Users wishing to carry signals over long distances may wish to consider the possibility of adopting the 75 ohm unbalanced interconnect specified in AES3-ID or SMPTE 276M as an alternative to balanced 110 ohm interfacing. Convertors are available which perform the job very easily. It has been suggested by a number of sources that HF interference such as RF sources is better rejected by the effectiveness of cable screening than by the balance of the electrical interface, and that 75 ohm coax cable has better controlled impedance than audio microphone cable.
A final point to bear in mind is that although transformers are not mandatory in most versions of the two-channel interface standard they may be used to ensure good electrical isolation and earth separation where appropriate. The transformer is standard in the EBU version of the interface, since it was regarded as important in broadcast studio centres where earth continuity is normally avoided between operational areas.

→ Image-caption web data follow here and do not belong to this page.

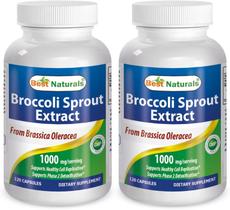 Suplemento Best Naturals: extrato de broto de brócolis 1000 mg e 120 cápsulas (pacote com 2) Suplemento Best Naturals: extrato de broto de brócolis 1000 mg e 120 cápsulas (pacote com 2)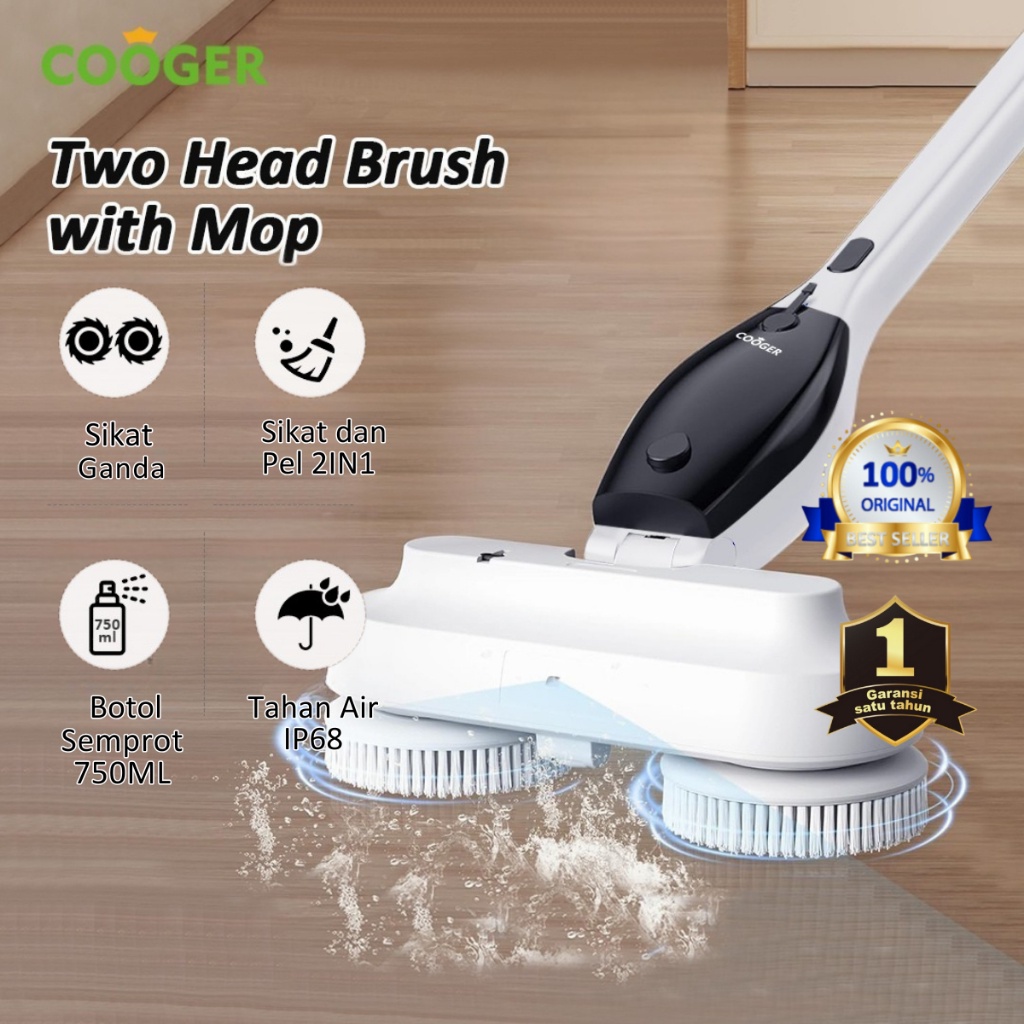 COOGER SIKAT DAN PEL OTOMATIS ELEKTRIK DUAL KEPALA SIKAT 6IN1 ELECTRIC BRUSH AND MOP TANPA KABEL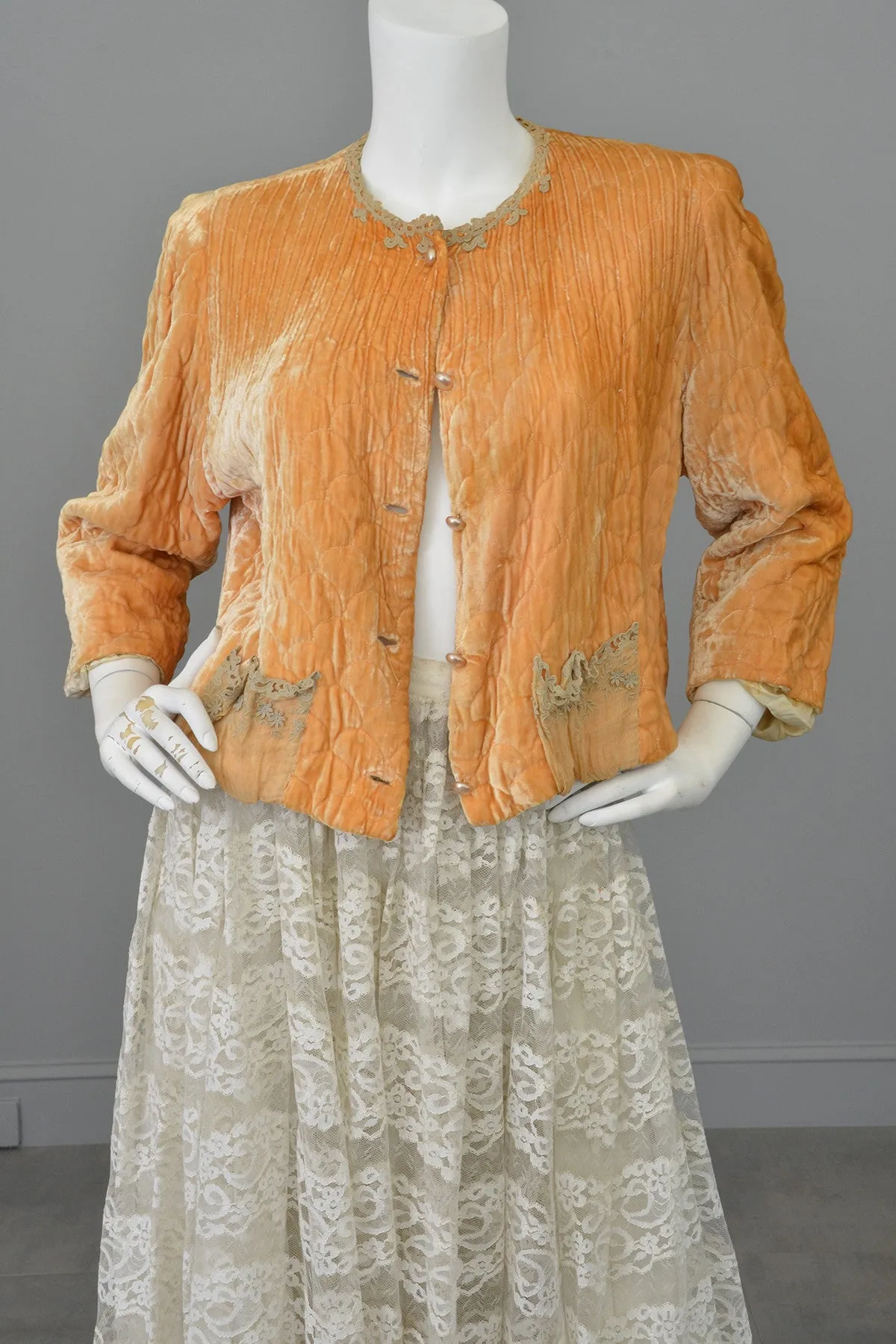 1930s Apricot Quilted Silk Velvet Bed Jacket Shrug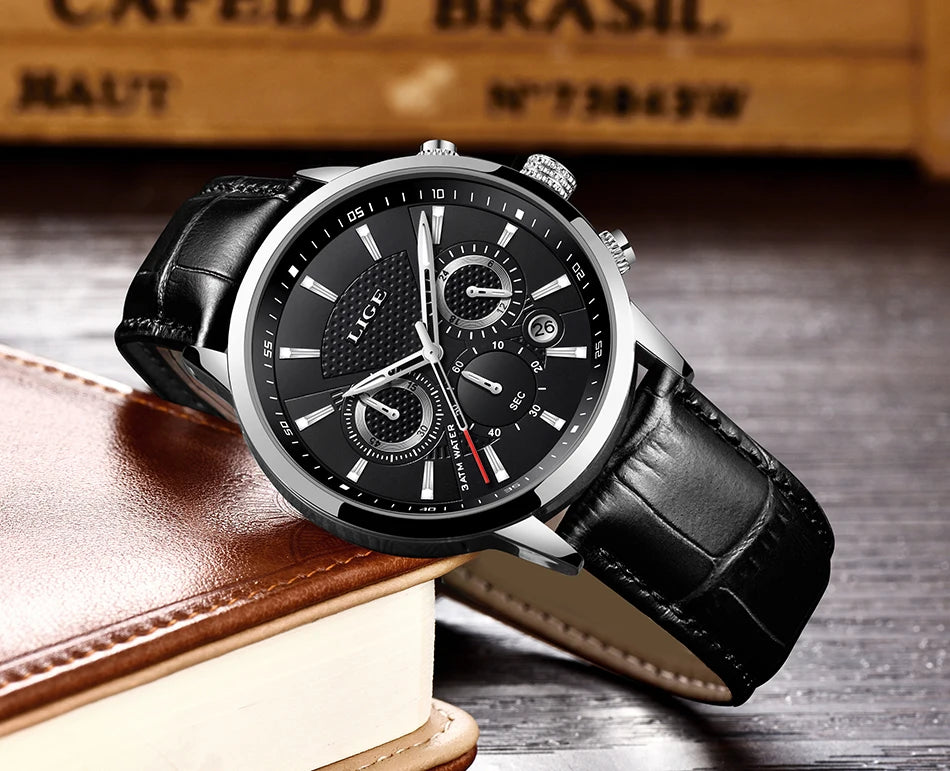 2024 New Mens Watches LIGE Top Brand Luxury Leather Casual Quartz Watch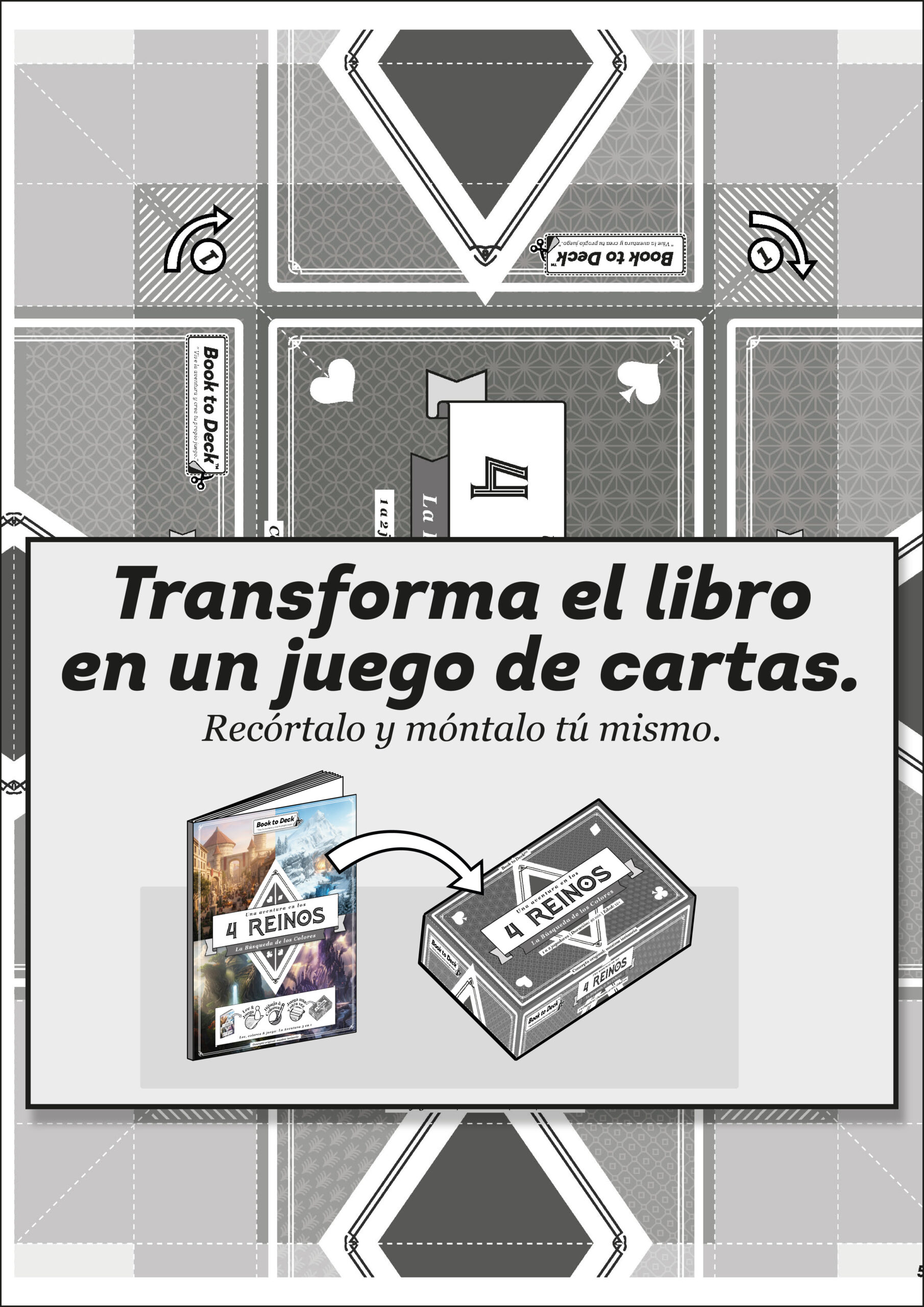 Pagina libro juego cartas transformacion caja juego de mesa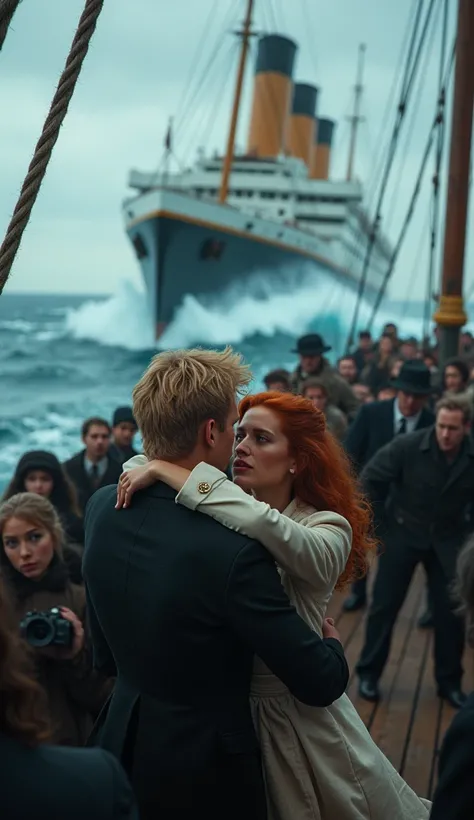 A wide shot of the Titanic after hitting the iceberg, chaos on the deck as passengers panic, Jack (blond)and Edith (redhead)are seen in the distance, being pulled apart by the crowd, the massive iceberg looms in the background, cold waves crashing against ...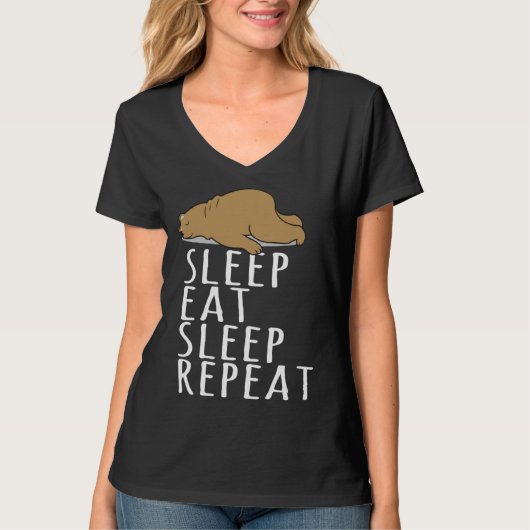 Bear Sleep Eat Repeat Slogan Nightdress T-shirt (Voorkant)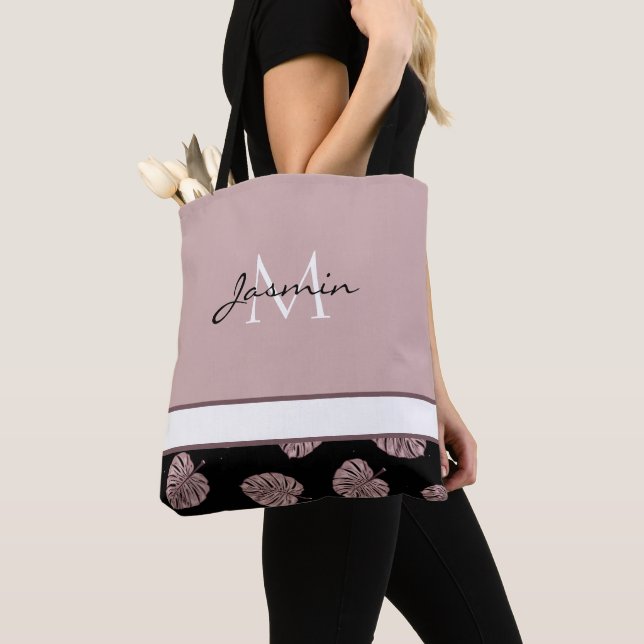 Moderne Blush-Pink-Monogramm-Tropenblatt Tasche (Von Nahem)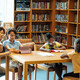 Students reading in library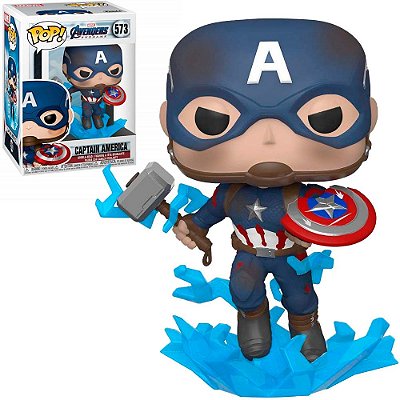 Funko Pop Marvel Avengers Endgame Captain - America W/Mjolnir #573 Vinil 9,5 cm Oficial Funko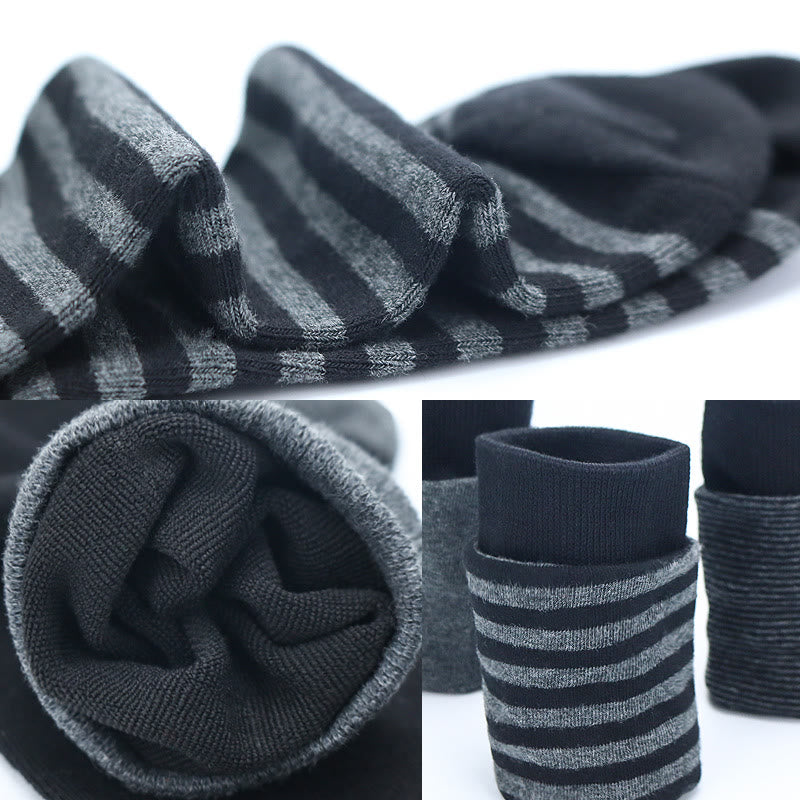 Chaussettes mi-mollet à rayures grises grande taille (5 paires)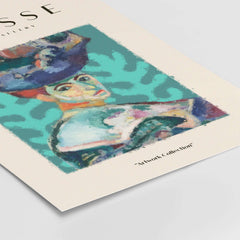 Matisse Art Prints - Woman Large Hat Portrait Teal Background Poster featuring a colorful portrait with bold shapes on a teal backdrop.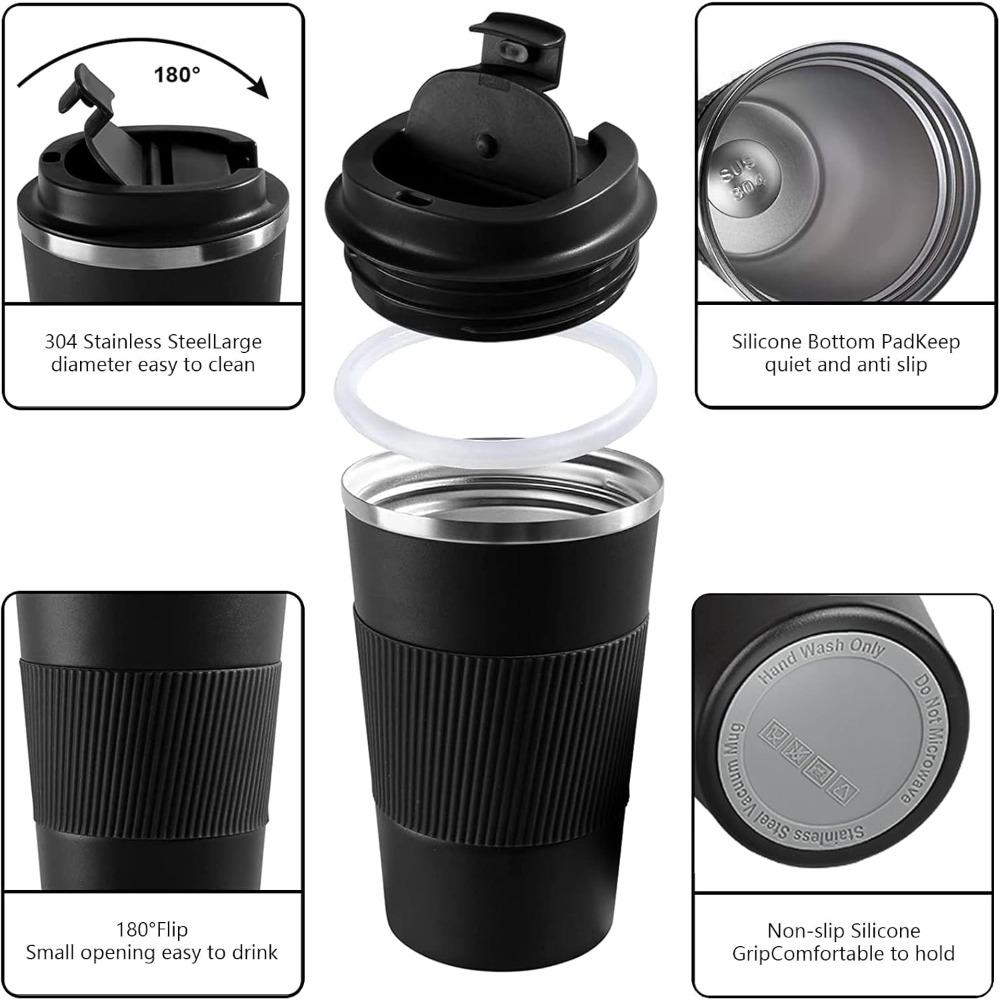 12 Oz Coffee Mug, Travel Stainless Steel Insulated Coffee Mug with Lid, Spill Proof, Suitable for Hot and Cold Drinks, Reusable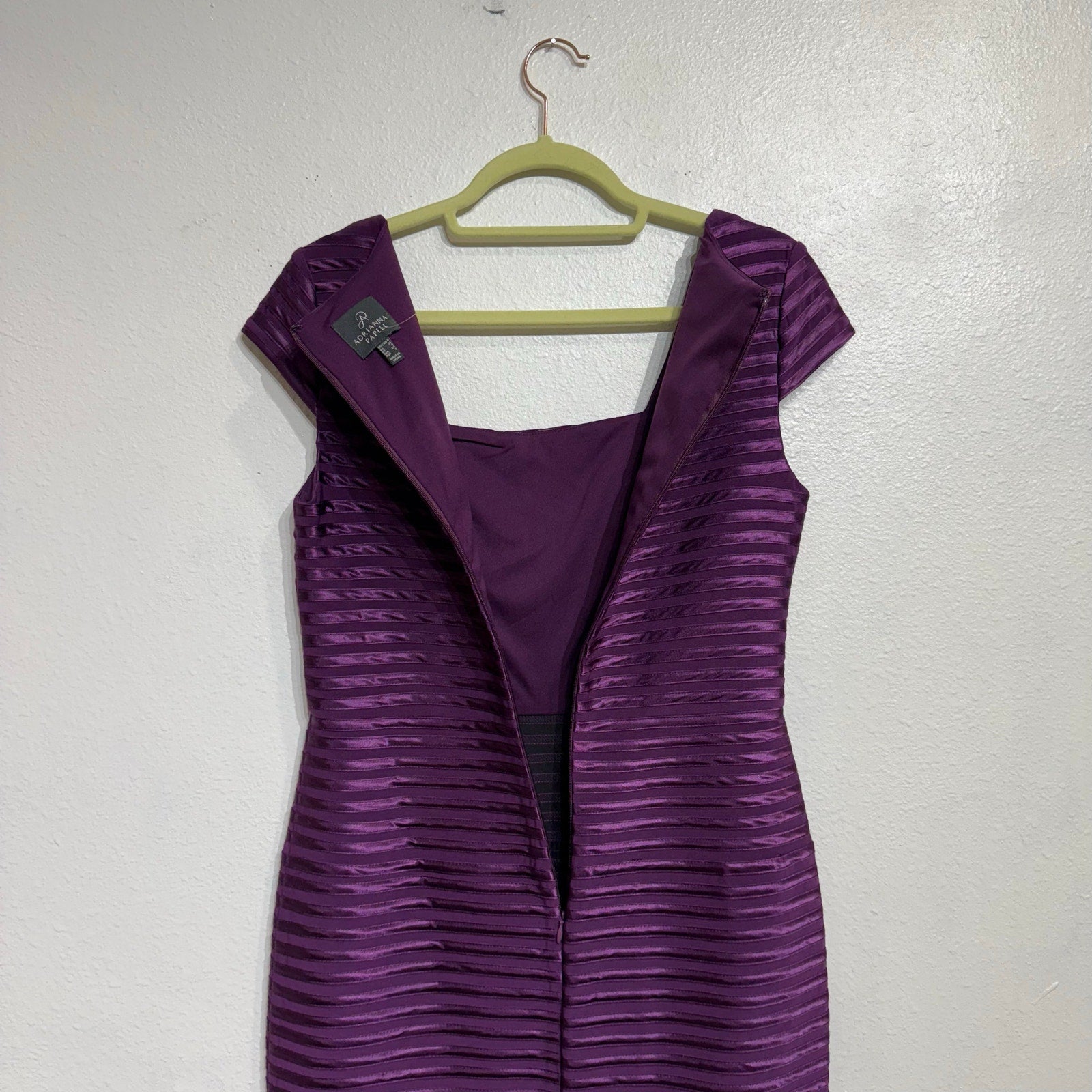 Adrianna Papell Purple Tiered Bandage Mini Bodycon Dress Sz 4 NWT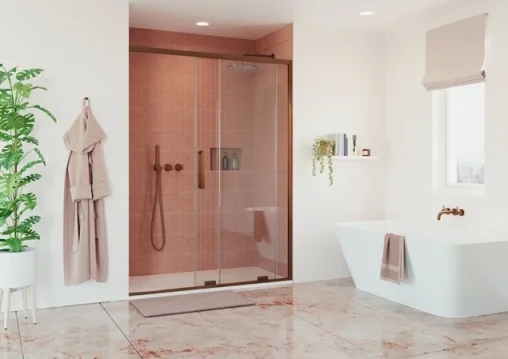 Crosswater Optix Soft Close Sliding Door 1200 Brushed Bronze product image - Image 1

6.7.3 Data Mismatch in Professional Systems
Data mismatch between professional devices using the standard two-channel interface has typically been confined to problems with the implementation of channel status (see section 4.8), but there is also the possibility for differences in sampling rate and audio word length, as discussed below. In more recent systems there are numerous options for higher sampling frequencies, operating the interface in single-channel-double-sampling frequency mode or simply increasing the data rate, which can lead to difficulties in communication. There is also the increased likelihood that interfaces may be operated in the ‘non-audio’ or ‘other purposes’ mode for carrying data-reduced audio signals, as described in Chapter 4. User bit incompatibilities might arise if greater use was made of this channel, but few current professional devices take any notice of the state of the user bit. The validity bit is historically another root of trouble and its handling was discussed in section 4.6. As discussed in section 6.12, a number of manufacturers now produce devices specifically designed to analyse and/or correct for data incompatibilities between pieces of equipment and such ‘fix-it’ boxes can be very useful in encouraging communications between systems.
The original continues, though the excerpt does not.